● Task instructions:
Retype word for word the stretch of entries below from the line that has "Image of Chalkboards" through the line that has "Amber Solid 925", and omit the pictures.

● Entries shown:
::::::::::

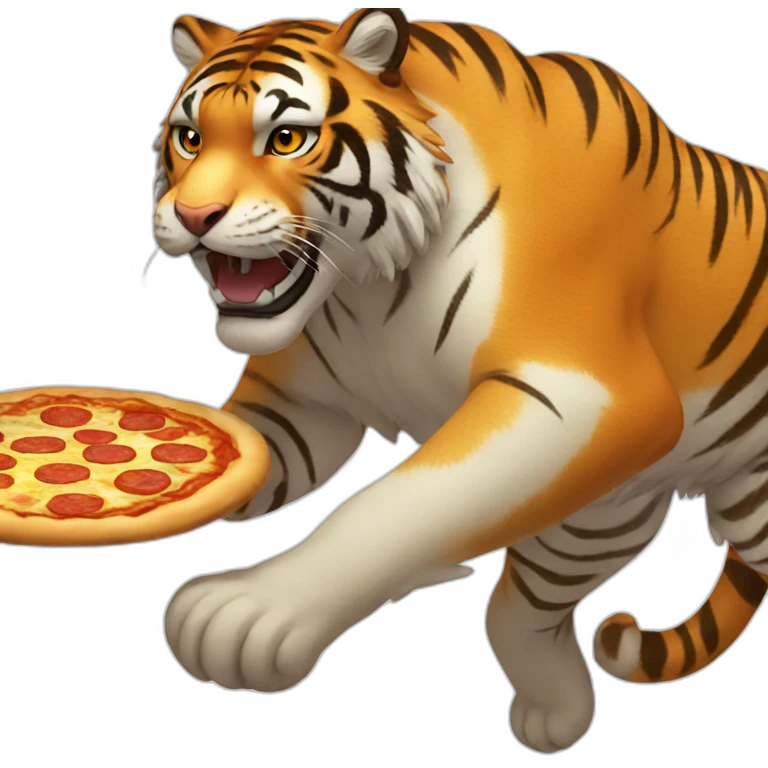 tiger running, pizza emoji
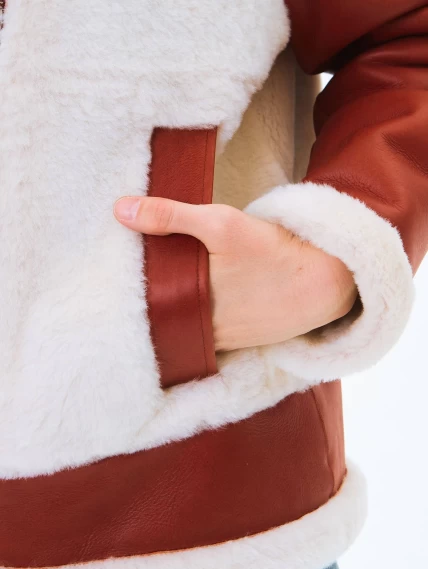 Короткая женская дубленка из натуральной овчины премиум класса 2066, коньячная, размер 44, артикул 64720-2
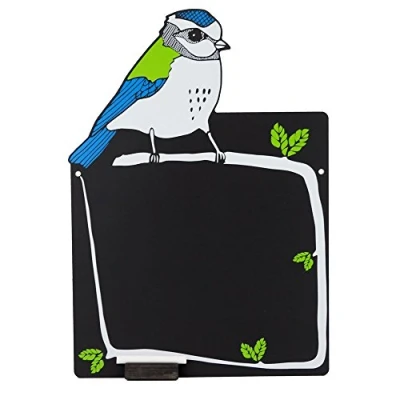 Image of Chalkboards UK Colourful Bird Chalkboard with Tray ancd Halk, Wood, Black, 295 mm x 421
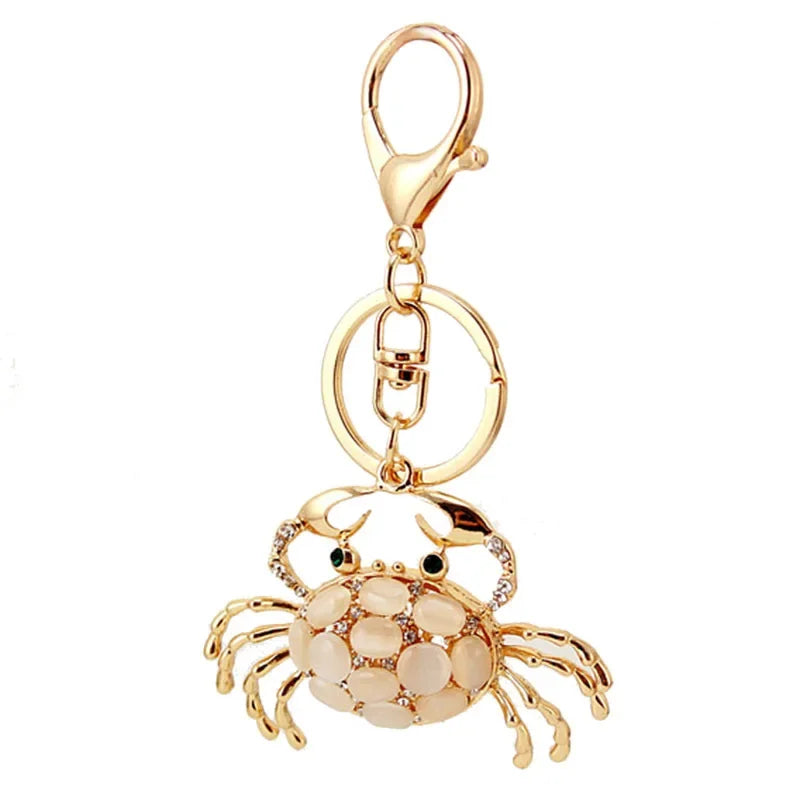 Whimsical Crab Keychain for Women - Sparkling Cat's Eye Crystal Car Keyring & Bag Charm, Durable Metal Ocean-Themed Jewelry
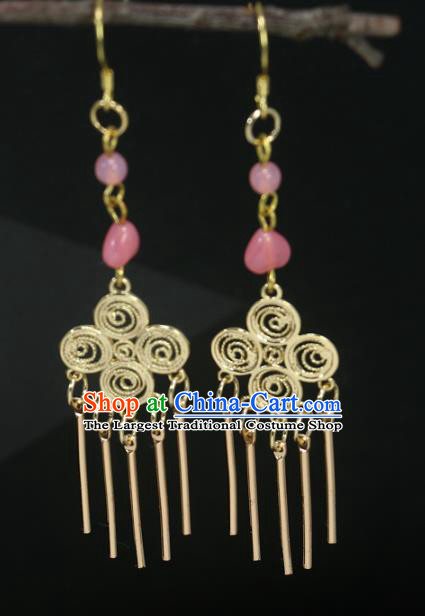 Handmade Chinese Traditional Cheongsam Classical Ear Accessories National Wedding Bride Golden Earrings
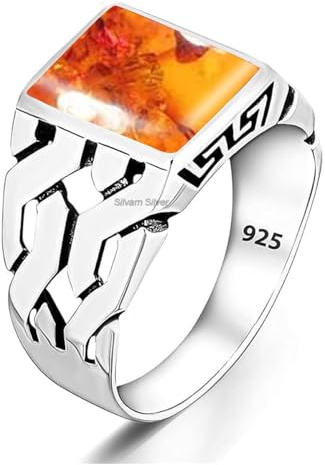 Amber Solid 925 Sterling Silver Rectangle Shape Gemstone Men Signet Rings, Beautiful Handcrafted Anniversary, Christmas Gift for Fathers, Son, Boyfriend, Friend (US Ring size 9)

::::::::::

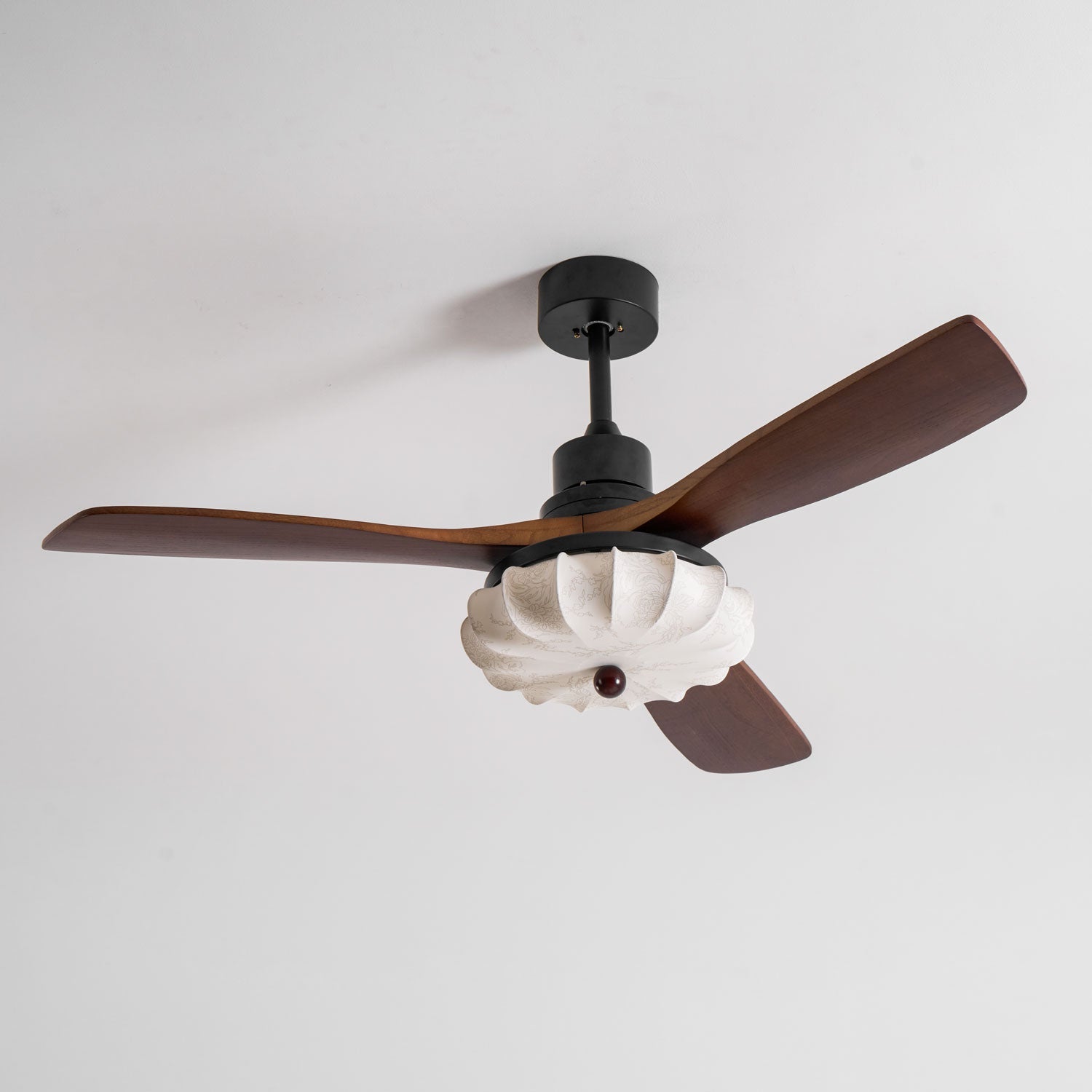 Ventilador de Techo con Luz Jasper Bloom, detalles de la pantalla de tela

::::::::::

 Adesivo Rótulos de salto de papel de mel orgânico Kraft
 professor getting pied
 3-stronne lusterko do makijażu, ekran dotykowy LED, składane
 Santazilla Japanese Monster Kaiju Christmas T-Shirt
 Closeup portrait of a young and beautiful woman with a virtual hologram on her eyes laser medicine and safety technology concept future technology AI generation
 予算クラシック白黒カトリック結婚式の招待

::::::::::

● Answer to the exercise:
 Image of Chalkboards UK Colourful Bird Chalkboard with Tray ancd Halk, Wood, Black, 295 mm x 421
 Whimsical Crab Keychain for Women - Sparkling Cat's Eye Crystal Car Keyring & Bag Charm, Durable Metal Ocean-Themed Jewelry
 Handmade Chinese Traditional Cheongsam Classical Ear Accessories National Wedding Bride Golden Earrings
 Amber Solid 925 Sterling Silver Rectangle Shape Gemstone Men Signet Rings, Beautiful Handcrafted Anniversary, Christmas Gift for Fathers, Son, Boyfriend, Friend (US Ring size 9)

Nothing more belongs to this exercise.